グリーンレーサー「あんたが『待ちやがれ』や、もう」
ブルーレーサー「カ~~、レンジャー」
イエローレーサー「もう、1人で出てっちゃうんだから!」
ピンクレーサー「カーレンジャーのリーダーなんでしょ?」
レッドレーサー「リーダー……」

 「カーレンジャーのリーダーとしての自覚次第だ」

レッドレーサー「リーダー…… リーダー…… リーダー!!!」
ギューリー「な、何だ?」
レッドレーサー「うおお、行きまーす!!」
4人「あっ……」
ギューリー「ワンパー!!」

またも1人で突っ走るレッドレーサーが、襲い来るワンパーの大群を1人だけで迎え撃つ。

イエローレーサー「熱く戦うレッドレーサー……」
ブルーレーサー「1人で張り切っているようにも見えます」
グリーンレーサー「とりあえず俺らも戦うぞ!」

4人も戦いに加わるが、レッドレーサーが次々に見せ場を横取りしてしまう。

レッドレーサー「危ない、ブルーレーサー!!」
ブルーレーサー「わたくしの敵です! ちょっと…… お任せくださいってば……」
レッドレーサー「イエローレーサー、大丈夫か!?」
イエローレーサー「レッドレーサー……」
レッドレーサー「ピンクレーサー、大丈夫か!? 下がって!!」
ピンクレーサー「あっ…… 全然危なくないのに!」
グリーンレーサー「オート」
レッドレーサー「パニッシャー!!」
グリーンレーサー「おい、パニッシャーは俺が撃つつもりやったのに……」
ギューリー「今の内だギューリー」

ZZギューリーが再度、宝苑へ。

ギューリー「オイキムチを出せギューリー!」
店主「ああ、待ってください! 韓国に行けば、うちの店よりもっとおいしいオイキムチがありますよ」
ギューリー「韓国?」
店主「うん。あっ、そうだ」

店主が地球儀を見せる。

店主「こう行って、」

日本列島から右へ指を進め──

店主「ここです!」

韓国ではなく、北朝鮮・ピョンヤンの位置を指さす店主。


それから、BBサロン──

ガイナモ「よーし、待ってろZZギューリー! ゼルモダ、用意はいいか?」

バリバリアン内のドックでは、鹵獲されたRVロボの改修作業が続いている。

グラッチ「ボーゾック乾電池、オーライ!」

RVロボの腰に、ボーゾック乾電池を入れたケースがセットされた。
RVロボの両目が邪悪な光を発する。

グラッチ「よし、OKだ」
ゼルモダ「よっしゃ。ガイナモ、こちら準備OK」
ガイナモ「よし! RVロボ、発進!!」

ボーゾックの手先となったRVロボが&ruby(チーキュ){地球}へ飛んで行った。

ガイナモ「地獄で眠るリッチリ~ッチハイカー教授! 本当のボーゾックの総長は、RVロボをこう使うんだ!」

悪のRVロボが地上に降り立つ。

レッドレーサー「あっ、RVロボが!」

ZZギューリーと4人のワンパーが悪のRVロボに乗り込んだ。

ギューリー「行くぞギューリー!」
ワンパーたち「チース!」
ギューリー「いざ韓国へ、ギューリー!」
ブルーレーサー「大変です! RVロボが、韓国へ向かってしまいます」
グリーンレーサー「韓国って…… えぇ……?」
レッドレーサー「何としても阻止するんだ。VRVマシン、出動!!」

ビクトレーラーからVRVマシンが全車出撃。すぐさまVRVロボに合体して悪のRVロボに対峙する。
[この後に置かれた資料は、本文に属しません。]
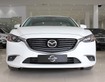 Mazda 6 đời 2018 bản full giá siêu hot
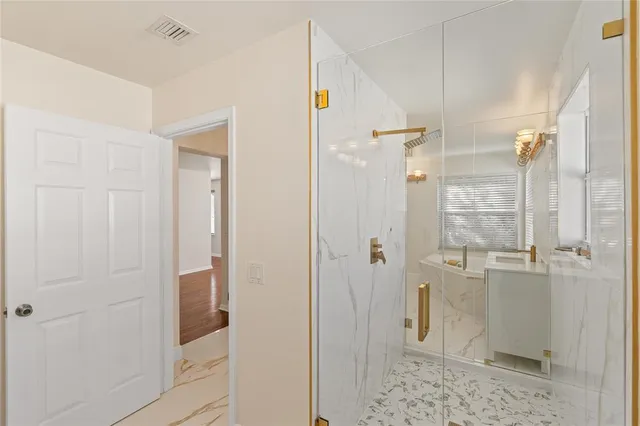 $5,500 | 16376 Southwest 31st Street, Miramar, FL 33027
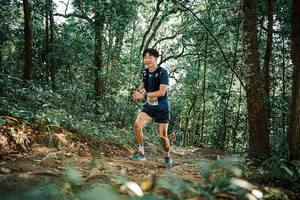 BIB: 
                            <button type="button" onclick="openModal(25530253)" class="btn btn-primary btn-sm float-right btn-popup" data-toggle="modal" data-target=".modal-high-quality">
                        <i class="fas fa-shopping-cart"></i> Add to Cart
                    </button>
                                            <button type="button" onclick="isThisMe(25530253, true)" class="btn btn-success btn-sm float-right btn-popup btn-isme hidden" data-toggle="tooltip" data-placement="bottom" title="นี่คือรูปของคุณใช่ไหม คลิกที่นี่เพื่อเอาเข้าอัลบั้ม">
                        <i class="fas fa-plus"></i> Add to album
                    </button>
                    <button type="button" onclick="isThisMe(25530253, false)" class="btn btn-warning btn-sm float-right btn-popup btn-isnotme hidden">
                        <i class="fas fa-ban"></i> Remove from album
                    </button>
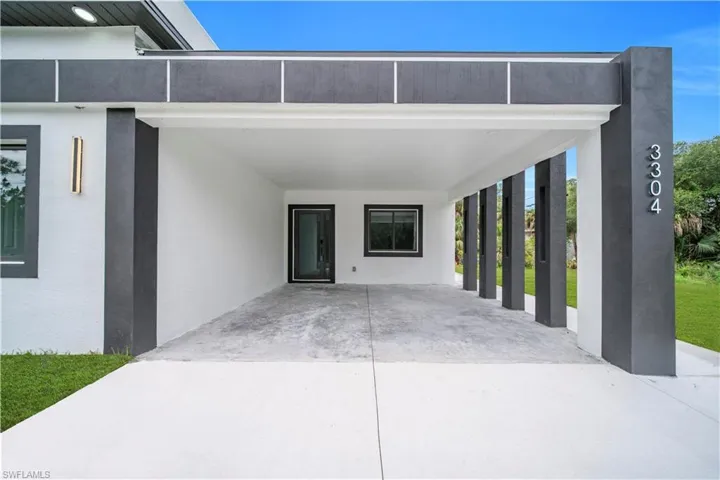 3304 E 15th St, Lehigh Acres, Florida 33972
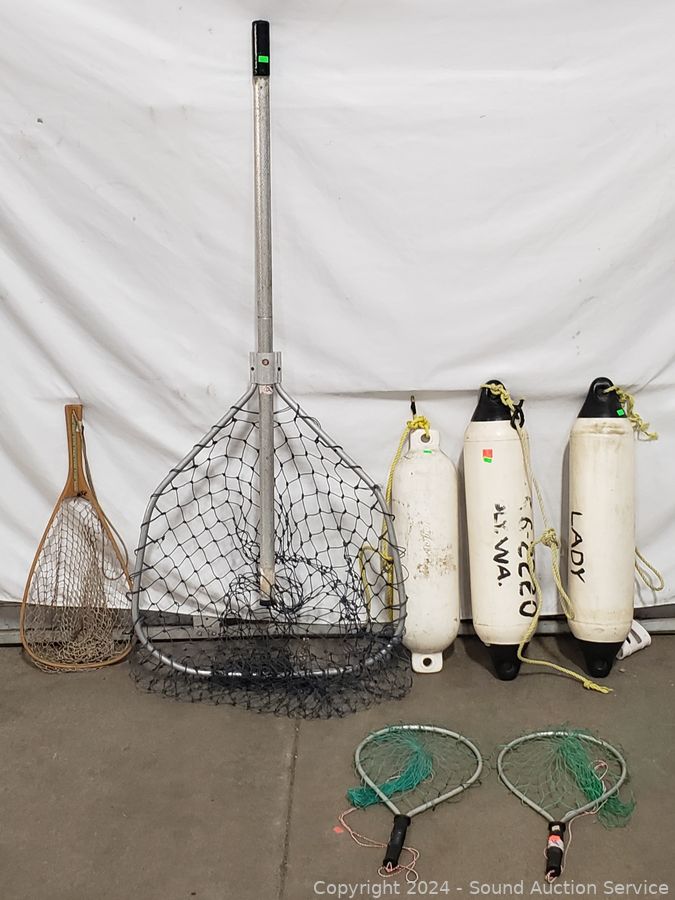 10/31/24 SAS Equestrian, Rustic Farm Tools Online Auction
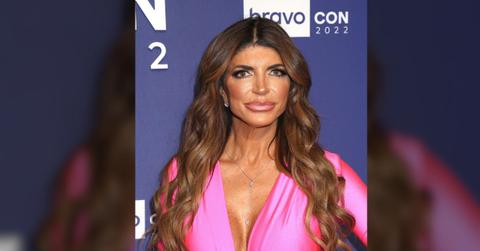 teresa giudice family crisis rhonj new life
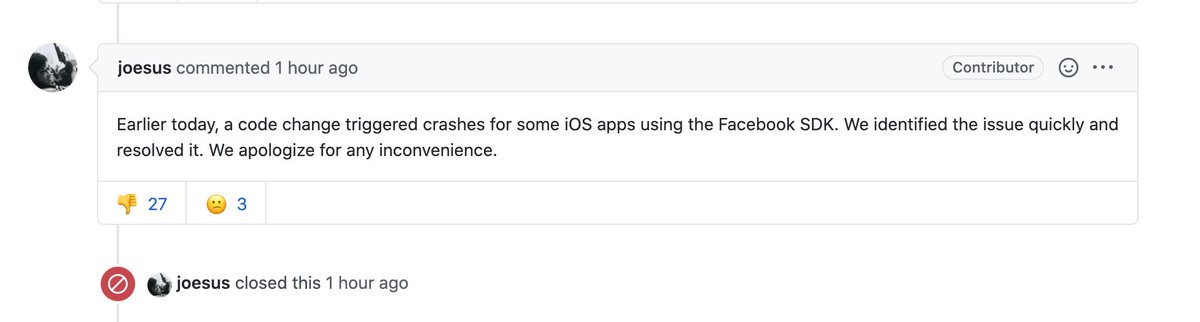 constant_th's tweet image. A5ralou #Spotify #facebooksdk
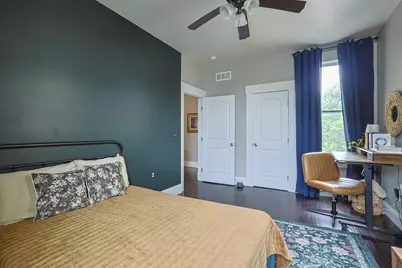 914 Park Avenue, Newport, KY 41071 - Photo 15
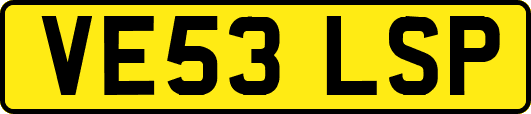VE53LSP
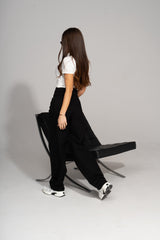 Дънки Lunéa Deep Black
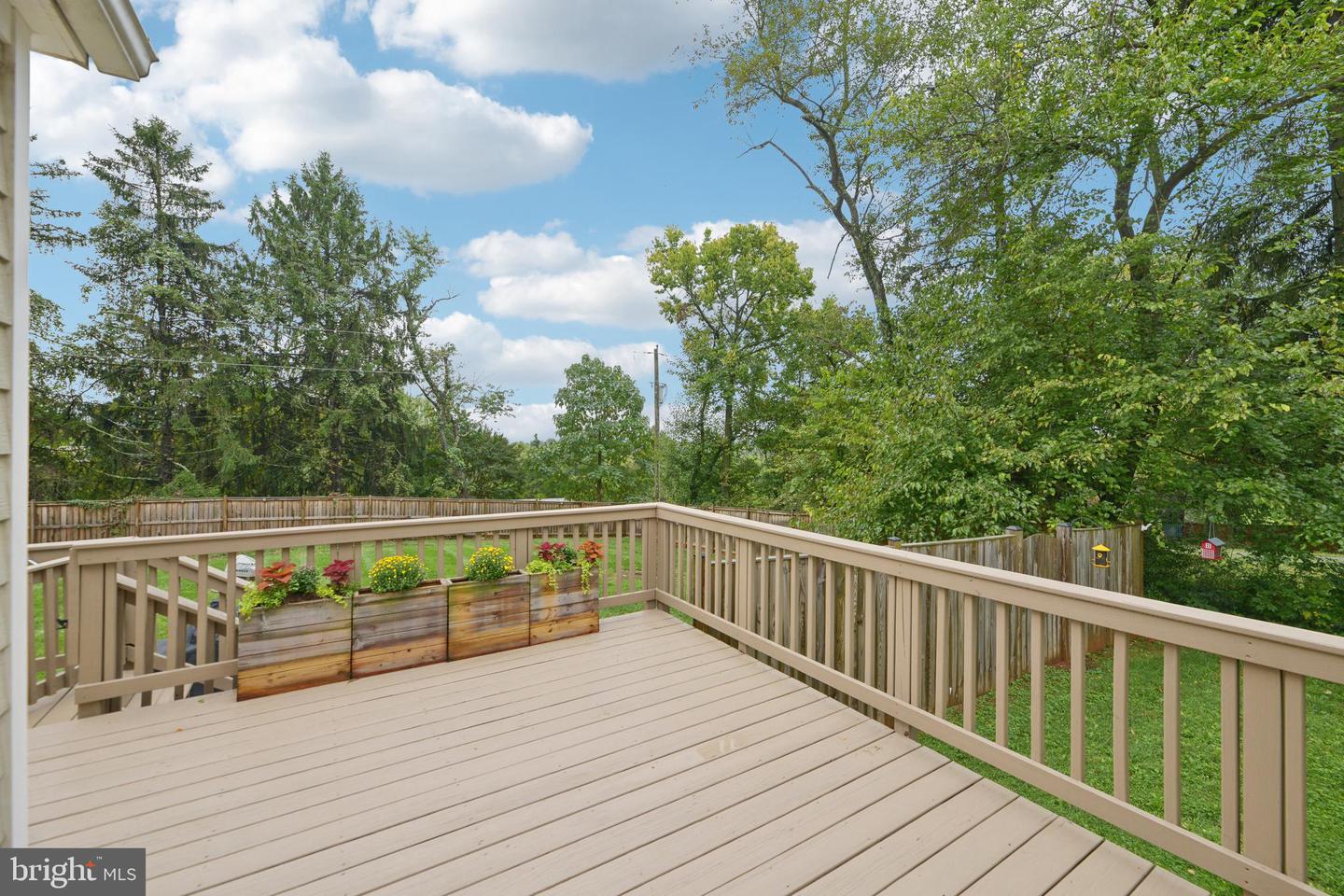 39913 THOMAS MILL RD, LEESBURG, Virginia 20175, 2 Bedrooms Bedrooms, ,3 BathroomsBathrooms,Residential,For sale,39913 THOMAS MILL RD,VALO2086306 MLS # VALO2086306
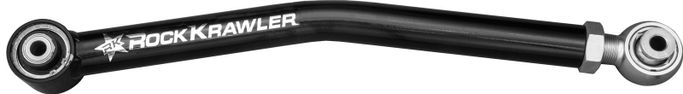 ROC-RK07380B, Rock Krawler X-Factor Series Control Arms for 2020-2022 GLADIATOR - RK07380B في الإمارات العربية المتحدة, دبي. Condition - new. Price 1,270 AED. Photo, seller contacts | AUTO.AE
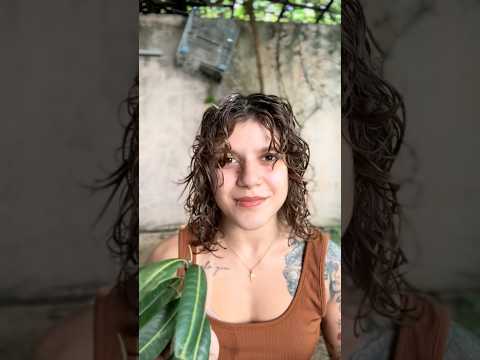 Benza! #asmr #asmrroleplay  #relax #tingles  #fy #foryou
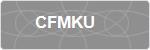 CFMKU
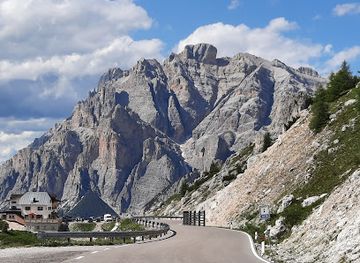 italy/cortina-d-ampezzo/landmark/forte-tre-sassi-museum
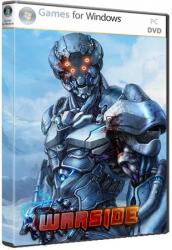 Warside (2013/RePack) PC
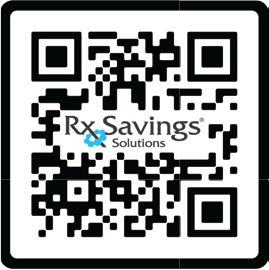 rx qr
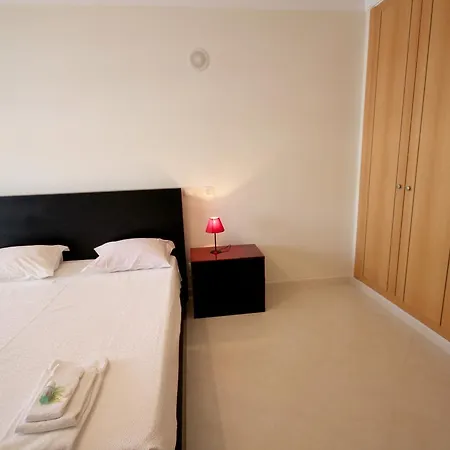 T2 Quintao Apartment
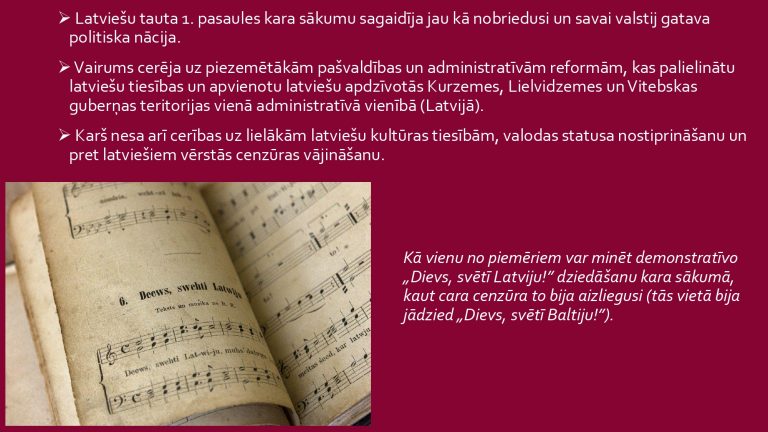 Latvijas Republika_pages-to-jpg-0010
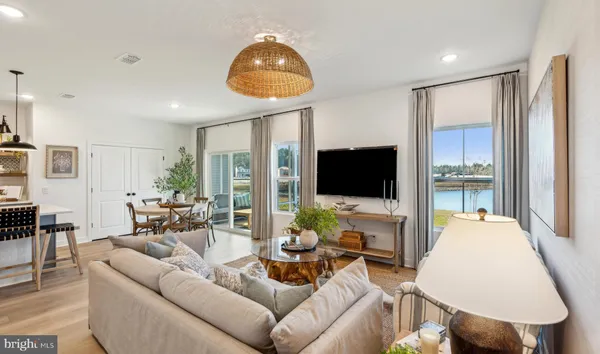 $532,138 | (lot 382-tbd Lot 382-tbd Street, Ranson, WV 25438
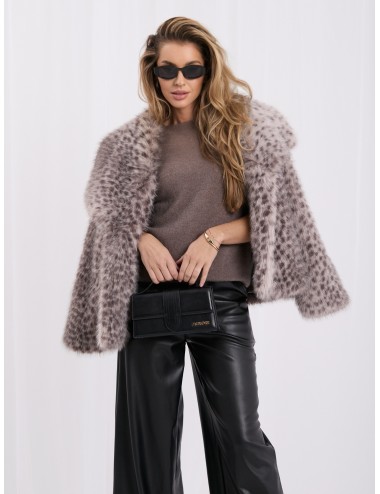 Sweter-IT-SW-2603.32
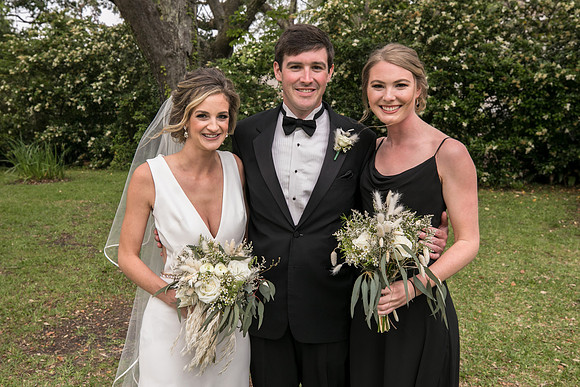 Chamblin_wed-48294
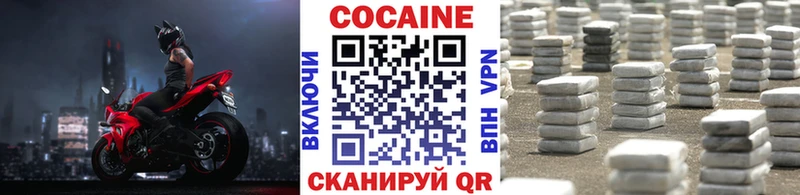 COCAIN FishScale  Купить закладки  Красный Кут 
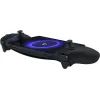 Игровая консоль Sony Playstation Пристрій для дистанційної гри PlayStation Portal, Midnight B (1000045051) изображение 4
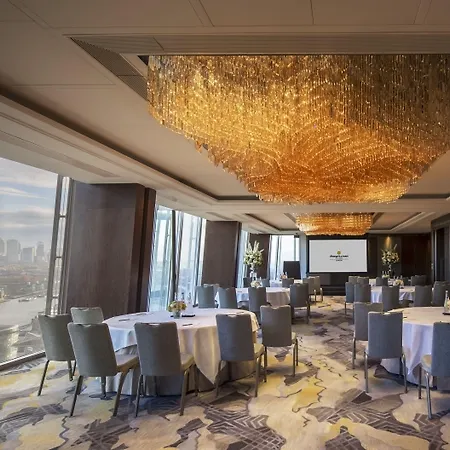 Shangri-La The Shard, London-2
レッドレーサー「韓国には行かせねぇぞ!! それから、RVロボを返してもらうぜ」
ギューリー「待て! お前たちにこのRVロボは攻撃できない。なぜなら、RVロボを動かしているボーゾック乾電池は、強力な爆弾でもあるからギューリー」
イエローレーサー「えっ!?」
ピンクレーサー「えぇ……」
レッドレーサー「何だと……!?」
ギューリー「これだ!」

悪のRVロボは予備のボーゾック乾電池を投げつけて攻撃してくる。

グリーンレーサー「こらぁ下手に攻撃したらマジでRVロボは自爆してまうぞ」
ピンクレーサー「どうしたらいいの!?」
ブルーレーサー「レッドレーサー!」
レッドレーサー「…………」

膠着状態に陥ったまま数時間が経ち、すっかり日が暮れていた。
静まり返った町に、ムクドリの群れが鳴きわめく声だけが聞こえる。

ギューリー「にらめっこしてたら日が暮れてきた。一刻も早くカーレンジャーを倒し、韓国へ行くギューリー!!」
ワンパー(青)「プラグネードスパーク!」

悪のRVロボが攻撃を開始。

レッドレーサー「みんな、かわせ!!」

VRVロボが紙一重で回避。プラグネードスパークを受けて背後のビルが爆発する。

ギューリー「ビークル回転キーック!!」

悪のRVロボの飛び蹴りが炸裂する。

ギューリー「RVソード!!」

RVソードで切り付けられながらも防戦一方のVRVロボ。

ブルーレーサー「戦うこともできないなんて!!」
グリーンレーサー「どないせぇ言うねん!!」
レッドレーサー「…………」

 「カーレンジャーのリーダーとしての自覚次第だ」

レッドレーサーがいきなり立ち上がる。

レッドレーサー「うおお、俺はカーレンジャーのリーダーだ!!」
グリーンレーサー「突然何なの?」
イエローレーサー「レッドレーサー!」
ピンクレーサー「何!?」
ブルーレーサー「どうしたのでございますか?」
レッドレーサー「みんな、落ち着け、落ち着け!」
ブルーレーサー「一番落ち着いていないのはレッドレーサーでございます!」

レッドレーサーは聞く耳を持たない。

レッドレーサー「RVロボは俺が取り戻す!!」
イエローレーサー「どうやって!?」
レッドレーサー「俺はカーレンジャーのリーダーだ。俺は俺を信じる!! みんなも俺を信じてくれ!!」

レッドレーサーが絶叫しながらVRVロボのコクピットを出ていく。

ブルーレーサー「レッドレーサー!」
グリーンレーサー「あー、もう、あいつまた勝手に出て行きよった!」
ブルーレーサー「4人でVRVロボを操縦するなんて、無理でございます!」
イエローレーサー「でも、やるしかないでしょ!?」
ピンクレーサー「あ~、危ない!」

悪のRVロボの追撃。ボロボロのVRVロボ。

ギューリー「悪のRVソード・激走斬りギューリー!!」

悪のRVロボの必殺技を受け、VRVロボは登場から2話目にしてなすすべなく倒れ伏した。
一方、レッドレーサーはペガサスサンダーでRVロボの下へ向かっていた。

レッドレーサー「待っててくれ、みんな。俺はカーレンジャーのリーダーだ! 俺が必ず、RVロボを取り戻してみせるぜ!!」

悪のRVロボが、VRVロボにRVソードを突き付ける。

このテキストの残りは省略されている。